La Guerra de los Siete Años (1756-1763)

Un nuevo tema, esta vez sobre un conflicto que sumió a Europa en una guerra total, ampliando los escenarios del conflicto además de a Europa, a India y América del Norte. Una contienda que cambió las fronteras de muchos estados y se replantearon nuevas políticas. Espero que lo disfruteis y que lo comenteis.


LA GUERRA DE LOS SIETE AÑOS (1756-1763):

La Guerra de los Siete Años (1756-1763) se produce, entre otras cosas, debido al deseo de Austria de controlar Silesia (región de Polonia) y sobretodo por las rivalidades coloniales entre Inglaterra y Francia en Norteamérica.

La reversión de alianzas domina la política europea después de la Paz de Aquisgrán y se materializa en la "revolución diplomática" de 1756. Inglaterra quería en el continente la garantía para Hannover, por lo que firma una convención con Rusia (1755) por la que a cambio de ayuda financiera, Rusia invadiría Prusia oriental, en caso de guerra prusiano-inglesa. Federico II de Prusia buscaba la renovación de la alianza con Francia, pero al conocer el tratado anglo-ruso, cambia de orientación y por el Tratado de Westmister garantiza Hannover a cambio de la garantía de Prusia frente a Rusia. Este tratado convierte en necesidad para Francia la alianza defensiva. Por su parte, la zarina Isabel, al conocer el Tratado de Westmister, estrecha lazos con Austria contra Prusia.

La inversión de alianzas impresionó a Europa, pues ponía fin a la rivalidad secular entre Austria y Francia, pero fue en Turquía donde más vivamente impresionó, ya que se consideró en peligro la amistad con Francia, máxime al comprobar que a la alianza con Austria le seguía el acercamiento a Rusia (1576), inquietud que aprovecha Prusia para aproximarse a Turquía y firmar un tratado de amistad con el Imperio Otomano (1761).

La crisis bélica estalla en 1757 es en principio una continuación de la de la Pragmática Sanción de 1713, pero en realidad, se trata de dos guerras simultáneas: entre Francia e Inglaterra en el mar, en las colonias y en Alemania del oeste; y entre Prusia y la coalición de sus enemigos en Alemania del este.
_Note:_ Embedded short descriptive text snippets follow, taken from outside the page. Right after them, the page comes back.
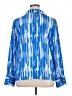 Worthington 100% Polyester Blue Long Sleeve Blouse Size XL - photo 2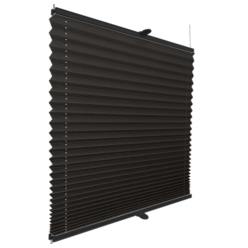 Roleta plisowana termiczna Anthracite Silver profil Antracytowy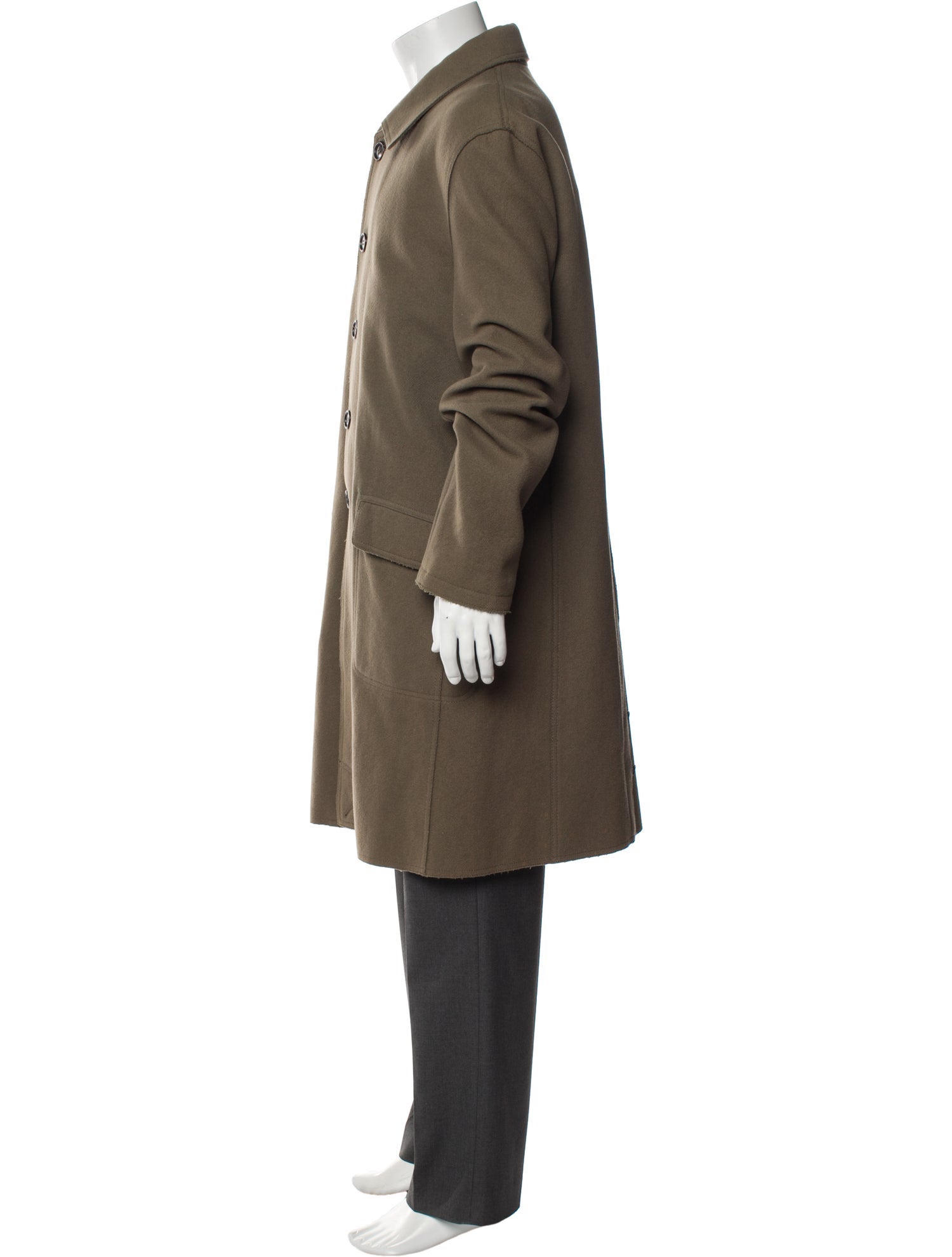 Joseph Virgin Wool Trench Coat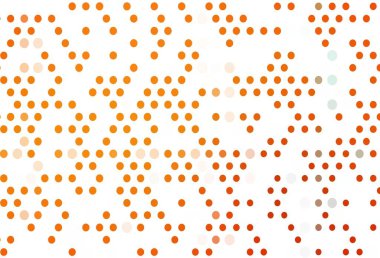 Dairesel hafif turuncu vektör şablonu. Renkli su damlaları olan modern soyut çizimler. Marka kitabınız için şablon.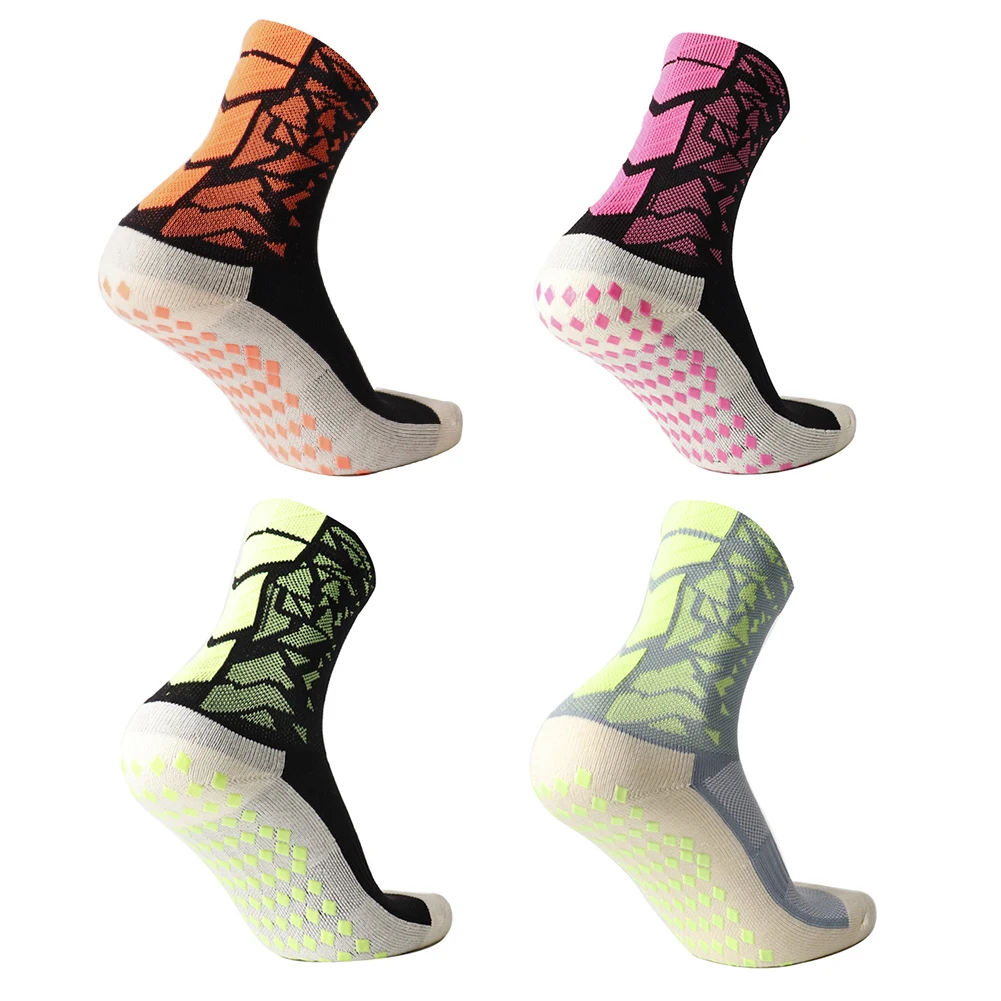 

Football Basketball Stockings Men Thickened Sports Non-slip Socks Sports Grip Sock Unisex Soccer Sports Long Socks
En la India y en América del Norte los incidentes franco-ingleses menudeaban con ventaja más bien de Inglaterra, que en Europa pierde Menorca. Federico II ataca bruscamente venciendo a los Sajones en Pirna y rechaza a los austriacos, pero la campaña no consigue otra cosa que la ruptura con Francia (que en el Segundo Tratado de Versalles en 1757 convierte en ofensiva su alianza defensiva con Austria), la solidaridad del Imperio en su contra (que en la dieta veta la formación de contingentes reglamentarios) y que Suecia prometiera su apoyo a la coalición. Prusia, en cambio, sólo recibió dinero de Inglaterra, cuyo planteamiento en el continente se limitaba a la defensa de Hannover y a cierta cobertura renana. Hannover fue invadido por los franceses que vencen a los ingleses en Closterseven, pero Federico II los derrota en Crefeld y los rechaza hacia el Rhin.

Entre 1757 y 1763 se suceden seis campañas en Alemania oriental. La más movida fue la de 1757: los austriacos, franceses, suecos y rusos convergen sobre Prusia, cuyo rey derrota a los franco-austriacos en Rossbach; luego se dirige a Silesia y vence a Carlos de Lorena en Leuthen. En los años siguientes la situación se aclara al limitarse los franceses a actuar en el oeste y al no entrañar peligro el ejército de los círculos imperiales y el sueco. A Federico II sólo le preocupan los rusos (a los que vence en Zorndorf en 1758), y a los austriacos (que le derrotan en Hochkirck): los tres se enfrentan en Kunersdorf, la batalla más dura de la guerra, y el prusiano sale vencido.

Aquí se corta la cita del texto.